Fri Jan 25, 2013 3:01pm EST

Related Topics

* Yields highest in three weeks on positive euro zone signs
    * Widely help long positions seen exacerbating selloff
    * Treasury to sell $99 bln new supply next week

    By Karen Brettell
    NEW YORK, Jan 25 (Reuters) - U.S. Treasuries yields surged
to their highest in three weeks on Friday after data showed
European banks are repaying more emergency loans than expected,
suggesting the region is healing and reducing demand for
safe-haven debt.
    The European Central Bank said that 278 banks will repay
137.2 billion euros ($183 billion) in 3-year loans next week,
out of 1 trillion euros that the ECB lent in twin operations in
December 2011 and February 2012. 
    The news sent German government debt rates higher and U.S.
government debt yields followed.
    "Banks returned more of the LTRO money than was expected, so
the 'risk on' move that we've seen for most of January has
accelerated," said Rick Klingman, managing director in
Treasuries trading at BNP Paribas in New York.
    The news pushed yields on U.S. two-year government notes
 below the yields on two-year German government debt
or Schatz for the first time in 13 months.

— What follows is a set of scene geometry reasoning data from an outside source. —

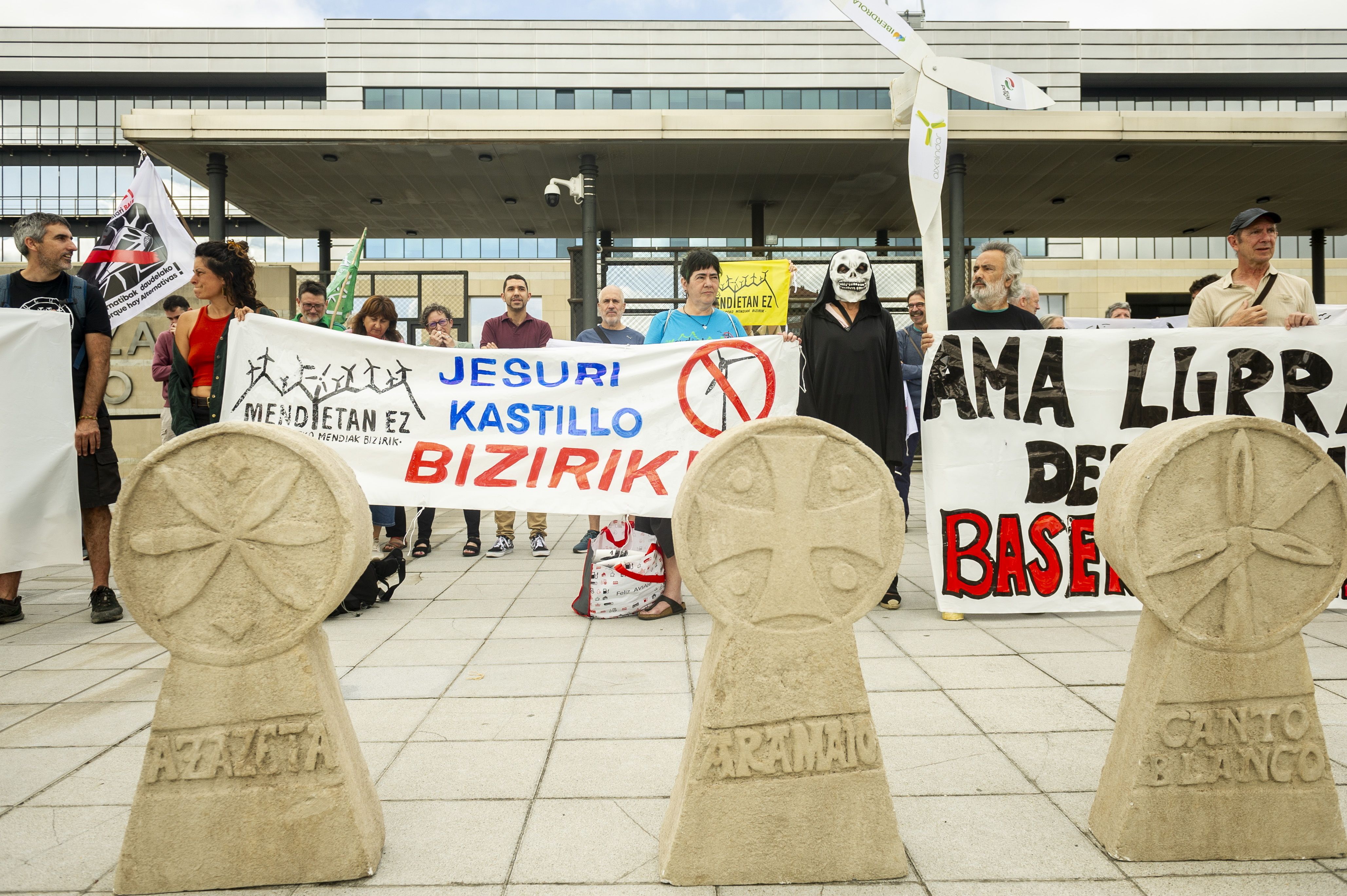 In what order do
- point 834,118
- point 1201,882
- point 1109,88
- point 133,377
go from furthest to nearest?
1. point 1109,88
2. point 834,118
3. point 133,377
4. point 1201,882

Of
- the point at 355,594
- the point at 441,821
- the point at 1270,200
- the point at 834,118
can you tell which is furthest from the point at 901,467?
the point at 1270,200

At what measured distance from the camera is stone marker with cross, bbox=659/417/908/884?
2.21 meters

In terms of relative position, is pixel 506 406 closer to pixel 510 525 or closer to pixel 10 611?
pixel 510 525

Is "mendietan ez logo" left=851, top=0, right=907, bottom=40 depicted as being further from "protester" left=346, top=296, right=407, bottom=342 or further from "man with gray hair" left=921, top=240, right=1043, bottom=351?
"protester" left=346, top=296, right=407, bottom=342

    Demand for Treasuries also ebbed after a survey showed that
German business morale improved for a third consecutive month in
January to its highest in more than half a year, indicating that
Europe's largest economy is gathering speed again.
 
    Benchmark 10-year notes fell 26/32 in price to
yield 1.95, the highest since Jan 4. The debt tested technical
resistance at yields of 1.80 percent on Thursday for the third
time this month, but failed to break below the level, which
added weakness to the market.
    "Given that, and the move to higher rates in Europe, we're
seeing some profit taking and people exiting long positions,"
said Klingman.
    Thirty-year bonds dropped 1-20/32 in price to
yield 3.14 percent, also the highest since Jan 4.

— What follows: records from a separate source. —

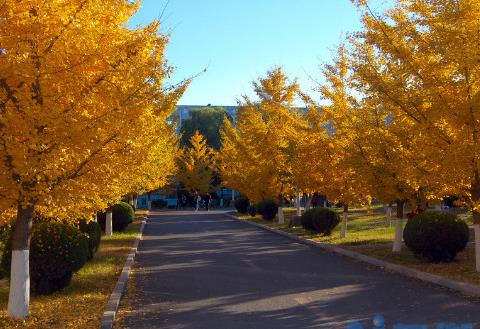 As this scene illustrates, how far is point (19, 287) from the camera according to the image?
24.0ft

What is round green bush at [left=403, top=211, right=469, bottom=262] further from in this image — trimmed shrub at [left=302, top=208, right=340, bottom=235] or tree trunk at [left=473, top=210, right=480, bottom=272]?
trimmed shrub at [left=302, top=208, right=340, bottom=235]

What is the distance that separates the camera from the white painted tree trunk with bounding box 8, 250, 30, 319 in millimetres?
7281

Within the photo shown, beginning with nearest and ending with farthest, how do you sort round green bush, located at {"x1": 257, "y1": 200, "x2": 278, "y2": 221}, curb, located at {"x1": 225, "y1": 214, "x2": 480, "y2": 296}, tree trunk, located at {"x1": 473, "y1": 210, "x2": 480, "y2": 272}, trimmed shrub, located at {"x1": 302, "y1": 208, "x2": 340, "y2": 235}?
curb, located at {"x1": 225, "y1": 214, "x2": 480, "y2": 296}
tree trunk, located at {"x1": 473, "y1": 210, "x2": 480, "y2": 272}
trimmed shrub, located at {"x1": 302, "y1": 208, "x2": 340, "y2": 235}
round green bush, located at {"x1": 257, "y1": 200, "x2": 278, "y2": 221}

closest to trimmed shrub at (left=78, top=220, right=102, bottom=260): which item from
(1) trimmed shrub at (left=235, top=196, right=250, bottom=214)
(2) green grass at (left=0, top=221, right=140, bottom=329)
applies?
(2) green grass at (left=0, top=221, right=140, bottom=329)

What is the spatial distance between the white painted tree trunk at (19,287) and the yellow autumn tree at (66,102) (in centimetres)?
1

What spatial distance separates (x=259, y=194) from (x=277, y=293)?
75.6ft

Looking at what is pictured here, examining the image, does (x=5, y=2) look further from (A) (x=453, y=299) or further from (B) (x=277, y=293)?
(A) (x=453, y=299)

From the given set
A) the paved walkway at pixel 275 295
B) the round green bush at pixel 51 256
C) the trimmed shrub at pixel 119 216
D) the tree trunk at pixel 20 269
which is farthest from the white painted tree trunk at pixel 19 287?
the trimmed shrub at pixel 119 216

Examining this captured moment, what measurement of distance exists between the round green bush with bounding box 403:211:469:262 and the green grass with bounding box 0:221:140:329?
662 centimetres

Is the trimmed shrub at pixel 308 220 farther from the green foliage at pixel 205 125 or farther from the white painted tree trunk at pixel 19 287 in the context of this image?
the green foliage at pixel 205 125

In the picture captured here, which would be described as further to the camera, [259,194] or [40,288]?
[259,194]

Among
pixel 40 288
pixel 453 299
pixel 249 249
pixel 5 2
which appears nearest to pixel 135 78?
pixel 5 2

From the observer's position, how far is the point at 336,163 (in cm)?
1795

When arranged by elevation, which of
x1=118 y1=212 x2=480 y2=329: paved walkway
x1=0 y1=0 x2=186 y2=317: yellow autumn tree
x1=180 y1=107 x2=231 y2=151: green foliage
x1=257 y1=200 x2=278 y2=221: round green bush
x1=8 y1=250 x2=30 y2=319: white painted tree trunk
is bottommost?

    Widely-held long positions by traders that are holding
Treasuries in anticipation of month-end extension buying may
have added to the move, as they needed to reduce or cover these
positions.
    "A lot of tactical guys are sitting long for month-end
extensions, with everyone on the long side you get an
exacerbated move," said Joseph Leary, a Treasuries trader at
Citigroup in New York.
    New supply scheduled for next week also weighed on the
bonds. The Treasury will sell $99 billion in new debt including
$35 billion in two-year notes on Monday, $35 billion in
five-year notes on Tuesday and $29 billion in seven-year notes
on Wednesday.
    "That's part of the reason we're trading heavy as well,
after a two week period of no supply we're returning to an
auction cycle again next week," said BNP's Klingman.
    Minutes from the Federal Reserve's January meeting will be
released next Wednesday and will be scrutinized for signs over
whether the central bank is likely to end its latest bond
purchase program this year.
    Minutes from the Fed's December meeting, released on Jan. 3,
showed that some Fed voting members opposed continuing bond
buybacks, sparking speculation that the central bank may end its
latest round of quantitative easing before year-end.

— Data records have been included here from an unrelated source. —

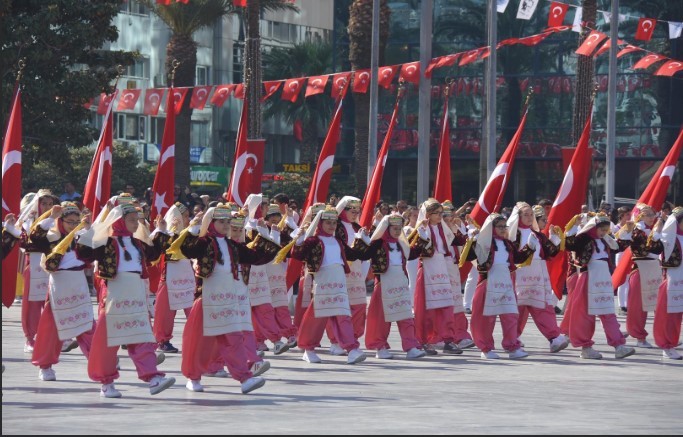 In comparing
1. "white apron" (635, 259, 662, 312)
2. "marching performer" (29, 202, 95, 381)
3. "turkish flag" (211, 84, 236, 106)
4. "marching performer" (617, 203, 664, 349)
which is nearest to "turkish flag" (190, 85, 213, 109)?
"turkish flag" (211, 84, 236, 106)

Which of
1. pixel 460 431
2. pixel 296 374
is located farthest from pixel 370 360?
pixel 460 431

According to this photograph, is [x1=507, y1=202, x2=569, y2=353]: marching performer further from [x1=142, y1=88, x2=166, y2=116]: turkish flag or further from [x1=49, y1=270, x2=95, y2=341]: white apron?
[x1=142, y1=88, x2=166, y2=116]: turkish flag

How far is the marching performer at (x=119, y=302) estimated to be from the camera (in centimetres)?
1285

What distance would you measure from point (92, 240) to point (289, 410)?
254cm

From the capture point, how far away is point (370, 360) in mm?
16719

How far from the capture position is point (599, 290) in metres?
17.0

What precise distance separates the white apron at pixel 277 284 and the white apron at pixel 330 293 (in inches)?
67.8

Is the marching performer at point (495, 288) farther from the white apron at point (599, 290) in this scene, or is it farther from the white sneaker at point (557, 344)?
the white apron at point (599, 290)

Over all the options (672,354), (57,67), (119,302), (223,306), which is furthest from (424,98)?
(119,302)

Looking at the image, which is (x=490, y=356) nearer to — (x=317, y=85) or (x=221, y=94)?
(x=317, y=85)

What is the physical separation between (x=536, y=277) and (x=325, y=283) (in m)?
2.88

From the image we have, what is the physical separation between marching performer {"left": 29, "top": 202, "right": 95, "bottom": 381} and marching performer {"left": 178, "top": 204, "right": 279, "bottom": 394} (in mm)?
1192

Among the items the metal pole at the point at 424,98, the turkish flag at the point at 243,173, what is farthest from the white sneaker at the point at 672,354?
the metal pole at the point at 424,98

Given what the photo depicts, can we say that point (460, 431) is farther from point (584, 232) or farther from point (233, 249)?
point (584, 232) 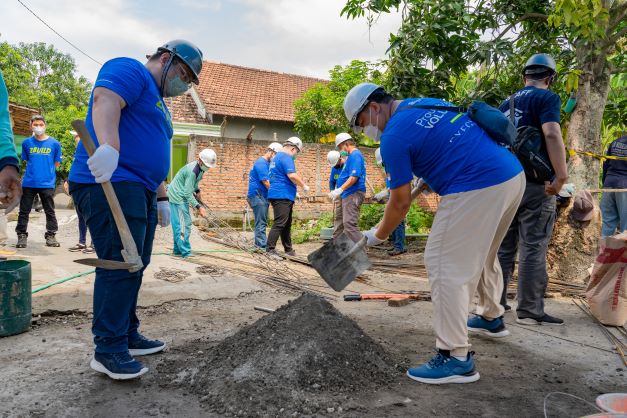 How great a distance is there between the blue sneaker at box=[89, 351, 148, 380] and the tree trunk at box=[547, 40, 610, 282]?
5.30m

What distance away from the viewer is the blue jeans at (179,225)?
7.93 metres

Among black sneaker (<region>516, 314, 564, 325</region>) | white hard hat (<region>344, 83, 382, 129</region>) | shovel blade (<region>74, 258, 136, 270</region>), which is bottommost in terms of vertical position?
black sneaker (<region>516, 314, 564, 325</region>)

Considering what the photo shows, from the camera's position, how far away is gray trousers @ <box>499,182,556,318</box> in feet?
13.8

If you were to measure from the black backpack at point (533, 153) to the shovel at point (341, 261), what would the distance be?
1.73 metres

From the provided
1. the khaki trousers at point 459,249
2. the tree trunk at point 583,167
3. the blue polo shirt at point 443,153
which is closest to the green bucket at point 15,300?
the blue polo shirt at point 443,153

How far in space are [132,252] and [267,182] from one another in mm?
6204

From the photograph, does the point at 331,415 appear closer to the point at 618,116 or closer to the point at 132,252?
the point at 132,252

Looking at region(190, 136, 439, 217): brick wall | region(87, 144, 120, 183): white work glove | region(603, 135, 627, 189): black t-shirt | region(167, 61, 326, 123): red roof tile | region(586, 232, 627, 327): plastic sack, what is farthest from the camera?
region(167, 61, 326, 123): red roof tile

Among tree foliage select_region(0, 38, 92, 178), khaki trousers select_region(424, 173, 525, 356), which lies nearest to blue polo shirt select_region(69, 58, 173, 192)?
khaki trousers select_region(424, 173, 525, 356)

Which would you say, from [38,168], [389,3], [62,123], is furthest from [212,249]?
[62,123]

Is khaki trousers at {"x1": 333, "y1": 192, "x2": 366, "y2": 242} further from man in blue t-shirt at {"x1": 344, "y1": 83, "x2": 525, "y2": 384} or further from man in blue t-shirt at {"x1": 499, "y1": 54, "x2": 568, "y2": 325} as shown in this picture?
man in blue t-shirt at {"x1": 344, "y1": 83, "x2": 525, "y2": 384}

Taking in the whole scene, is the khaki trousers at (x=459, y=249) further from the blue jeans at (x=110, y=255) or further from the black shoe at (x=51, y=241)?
the black shoe at (x=51, y=241)

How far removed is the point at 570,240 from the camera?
6.02m

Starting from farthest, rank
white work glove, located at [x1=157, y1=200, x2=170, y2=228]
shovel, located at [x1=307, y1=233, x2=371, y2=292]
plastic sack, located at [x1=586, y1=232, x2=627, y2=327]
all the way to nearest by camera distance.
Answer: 1. plastic sack, located at [x1=586, y1=232, x2=627, y2=327]
2. white work glove, located at [x1=157, y1=200, x2=170, y2=228]
3. shovel, located at [x1=307, y1=233, x2=371, y2=292] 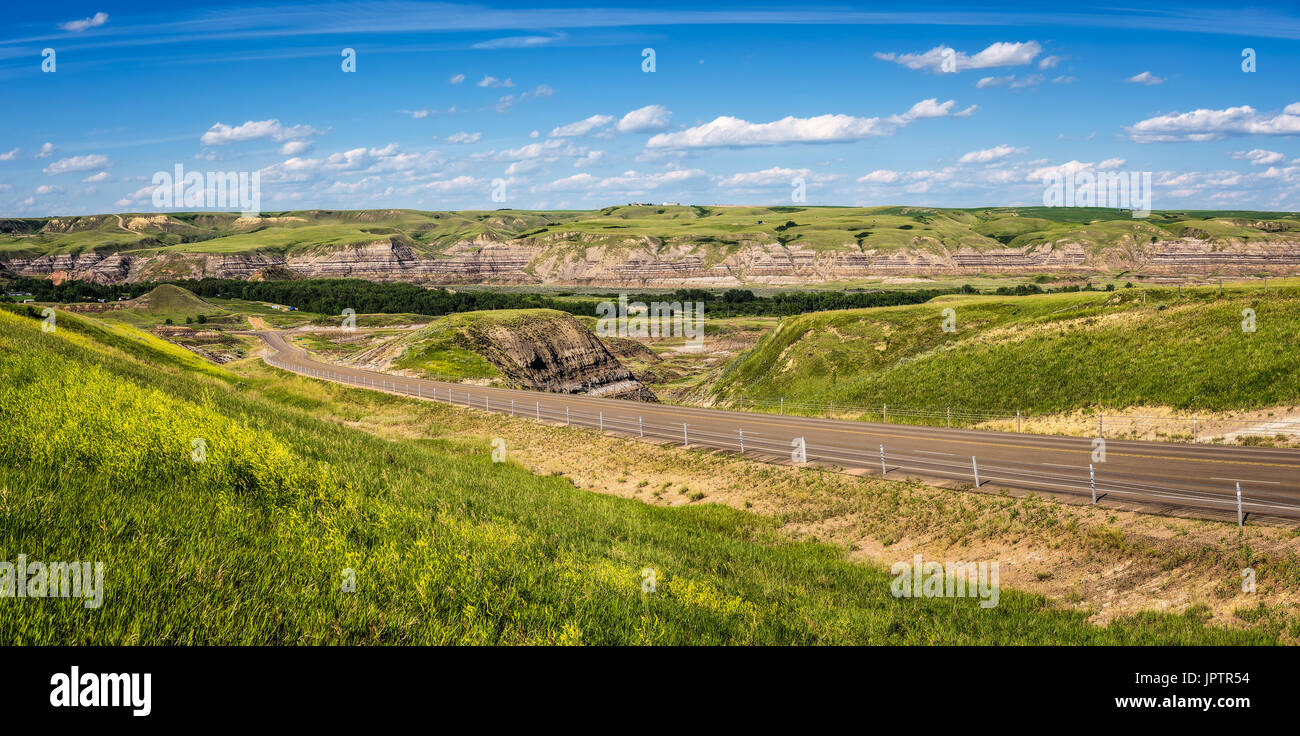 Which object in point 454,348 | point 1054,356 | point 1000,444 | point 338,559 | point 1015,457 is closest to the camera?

    "The FOMC could be a wild card, they will probably clarify
how easy they expect to be. The big move that you have to look
out for is the belly of the curve," said Citi's Leary.
    The Fed bought $3.71 billion in debt due in 2018 and 2019 on
Friday, out of $15.60 submitted for purchase on Friday as part
of this program.
    Investors are also focused on next Friday's payrolls
employment report for January, which is expected to show that
employers added 155,000 jobs in the month, according to the
median estimate of economists polled by Reuters.